February 25, 2021
October 2008 | Vol. VII - No. 10
Retailing Tips: Hosting Happenin’ Holiday Events
Attract Shoppers With Fun, Freebies and Fabulous Toys
With additional reporting by Sharri Hefner, Chris Lundy, Claudia Newcorn, Marie Raven and Brenda Ruggiero
Holiday shoppers are intent on finding the right gift for the special people in their lives, and, sometimes, hosting a special event can encourage them toward that perfect gift … right in your own store. Here’s what 65 specialty retailers told TDmonthly Magazine about holding successful events for the holidays:
| “In the two hours we do [the ladies’ night], we do more business than any other day.” — Michelle Deutschmann, Kaleidoscope Toys
1. Don’t Stop at One. “We do tons of events: ornament making, cooking, baking, game playing, different parties.
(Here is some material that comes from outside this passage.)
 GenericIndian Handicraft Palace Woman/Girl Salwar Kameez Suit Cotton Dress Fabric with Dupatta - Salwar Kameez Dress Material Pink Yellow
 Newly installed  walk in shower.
We get parents and grandparents to turn out … and they get a chance to look around, and come back later to make a purchase,” Molly McMullin, manager of Twirl in Ranchos de Taos, N.M., told TDmonthly.
2. Offer Themed Products. “We try to have a limited edition … have a unique item that’s particular to the event we’re hosting,” said Colette Shockley, owner of The Littlest Princess doll shop in Norcross, Ga. Customers like to find something that is not readily available anywhere else.
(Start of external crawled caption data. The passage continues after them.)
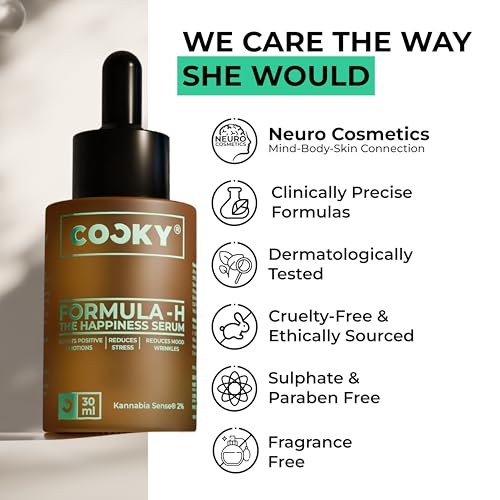Image of Cocky - Formula H, The Happiness Serum | Mood Booster, Reduces Stress, Activates Brain's Pleasure Areas, Boosts Positive Emotions, Reduces Wrinkles & Helps in Anti-Aging | Powered by Kannabia Sense | Sulphate & Paraben Free | 30 ml (Pack of 2)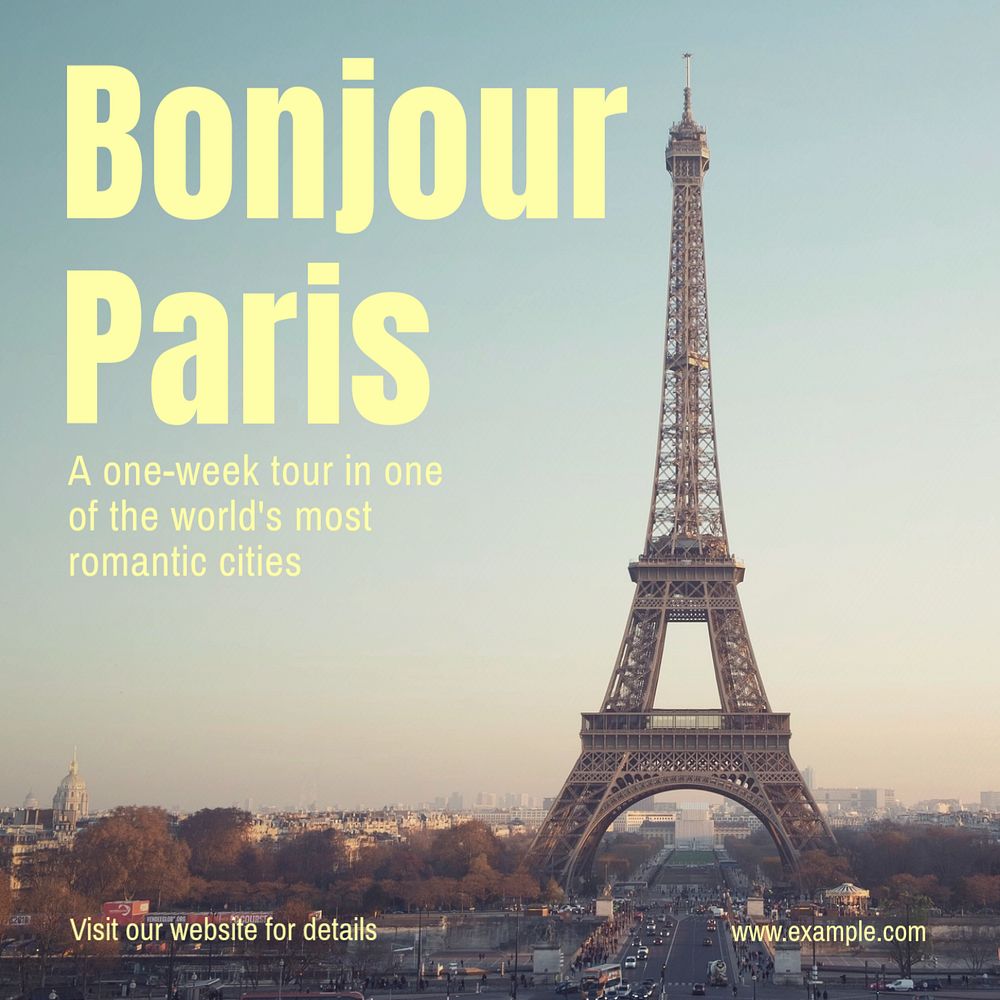 Paris travel Instagram post template, editable text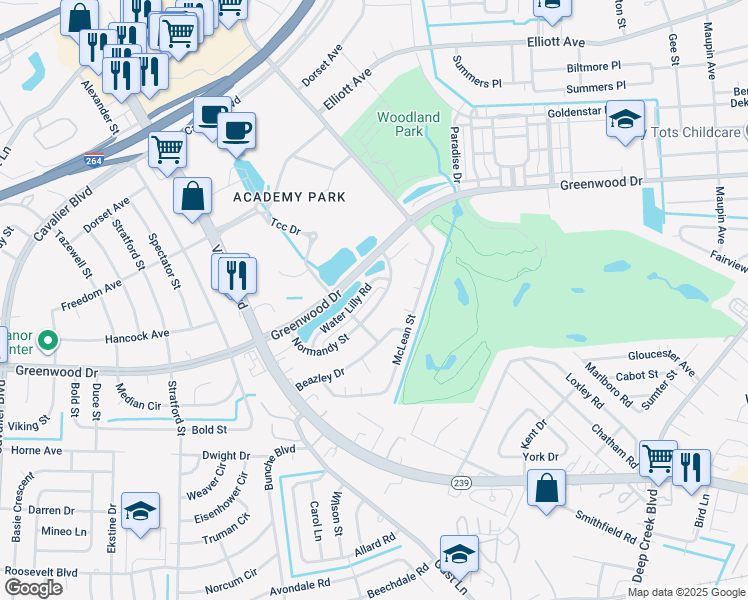 map of restaurants, bars, coffee shops, grocery stores, and more near 528 Normandy Street in Portsmouth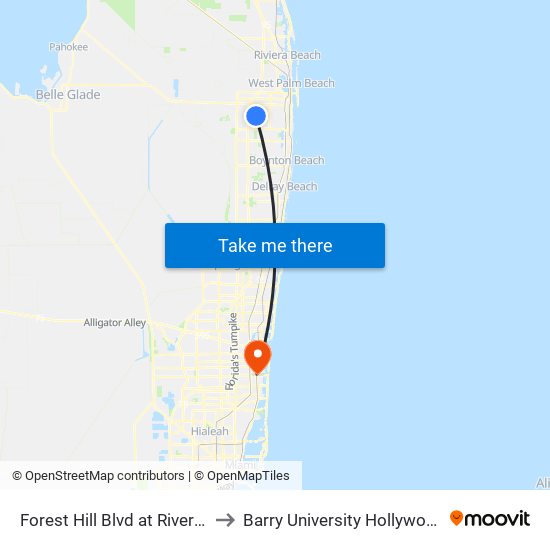Forest Hill Blvd at River Bridge Blv to Barry University Hollywood Campus map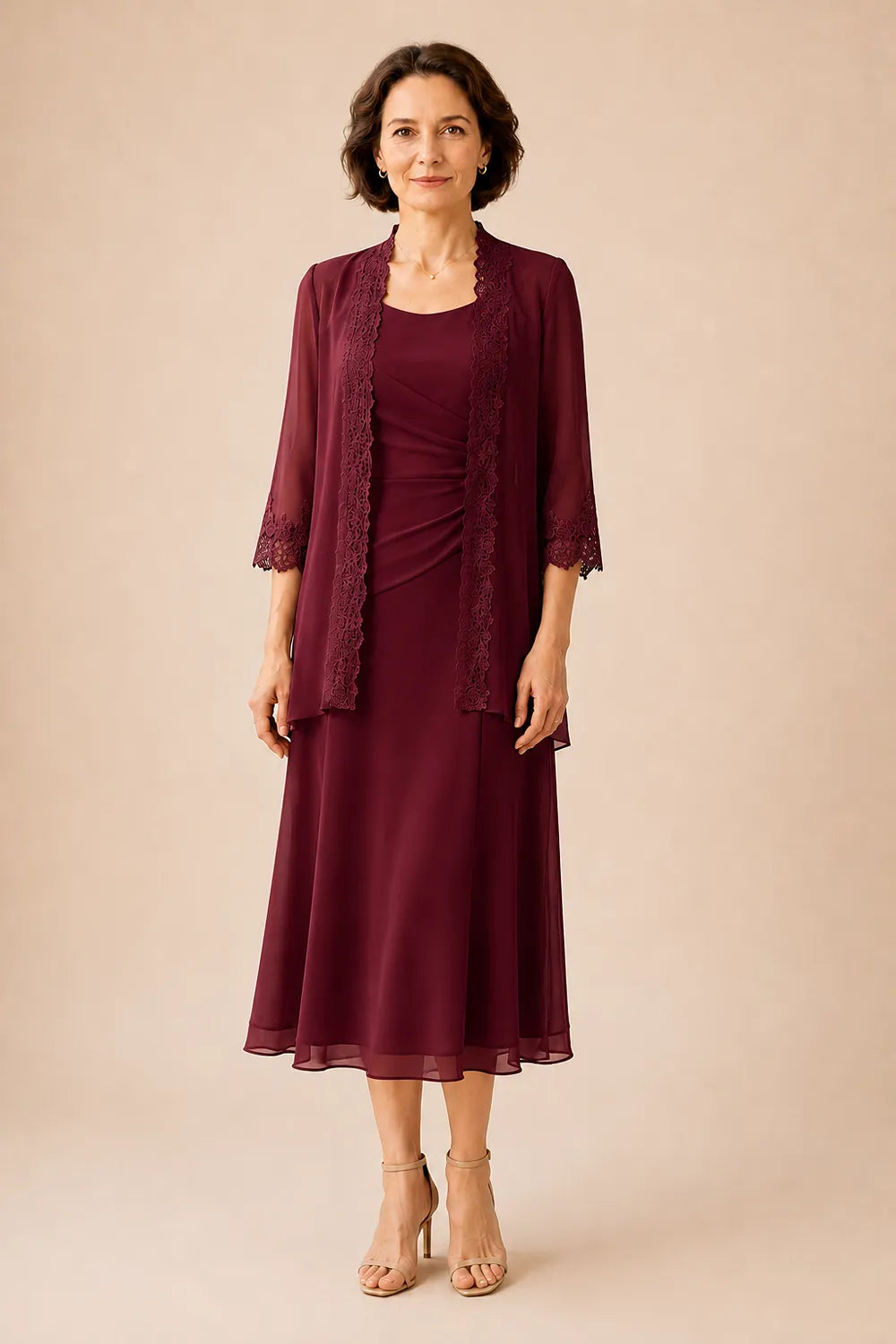 Marianne | Elegante Midijurk met Kanten Jasje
3. Cater to Adults. Kaleidoscope Toys in Falmouth, Mass., hosts a special theme night for ladies one December evening, and raffles off prizes every 15 minutes. "In the two hours we do it, we do more business than any other day,” said Owner Michelle Deutschmann.
Catch a Falling Star in Lexington, Mass., serves food and drinks during its six-hour Midnight Madness sale on various nights following Black Friday, according to Owner Deran Muckjian. And Boing JP’s Toy Shop in Jamaica Plain, Mass., couples a holiday event with fundraising, offering wine and other beverages at an evening party for members of a parent-teacher organization from a certain school.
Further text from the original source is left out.